### TASK GOAL
Give back, unchanged, each line from the one containing "嘉馨花园酒店(长葛东转盘横店电影城店)" through the last line of the entries below.

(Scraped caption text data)
===
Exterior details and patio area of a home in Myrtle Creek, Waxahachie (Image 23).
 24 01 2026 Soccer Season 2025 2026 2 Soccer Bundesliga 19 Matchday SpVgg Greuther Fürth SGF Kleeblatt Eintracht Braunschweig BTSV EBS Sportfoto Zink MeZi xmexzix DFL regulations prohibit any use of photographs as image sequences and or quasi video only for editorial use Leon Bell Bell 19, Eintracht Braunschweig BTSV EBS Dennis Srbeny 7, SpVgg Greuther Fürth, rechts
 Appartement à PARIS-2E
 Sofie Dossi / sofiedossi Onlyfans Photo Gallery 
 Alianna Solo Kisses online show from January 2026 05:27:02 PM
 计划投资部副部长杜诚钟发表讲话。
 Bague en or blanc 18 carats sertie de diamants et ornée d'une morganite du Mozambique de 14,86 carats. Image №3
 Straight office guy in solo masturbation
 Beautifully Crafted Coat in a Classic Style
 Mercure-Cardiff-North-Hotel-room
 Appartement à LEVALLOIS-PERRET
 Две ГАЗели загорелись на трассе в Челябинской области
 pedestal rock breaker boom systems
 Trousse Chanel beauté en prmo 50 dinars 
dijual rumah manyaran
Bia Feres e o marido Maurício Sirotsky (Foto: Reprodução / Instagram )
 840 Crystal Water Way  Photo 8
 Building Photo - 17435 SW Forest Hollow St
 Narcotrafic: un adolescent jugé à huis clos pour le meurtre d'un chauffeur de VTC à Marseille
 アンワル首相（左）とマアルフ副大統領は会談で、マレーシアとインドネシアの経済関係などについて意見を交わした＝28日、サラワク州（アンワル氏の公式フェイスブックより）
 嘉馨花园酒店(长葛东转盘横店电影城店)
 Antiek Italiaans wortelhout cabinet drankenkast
===
### ANSWER
 嘉馨花园酒店(长葛东转盘横店电影城店)
 Antiek Italiaans wortelhout cabinet drankenkast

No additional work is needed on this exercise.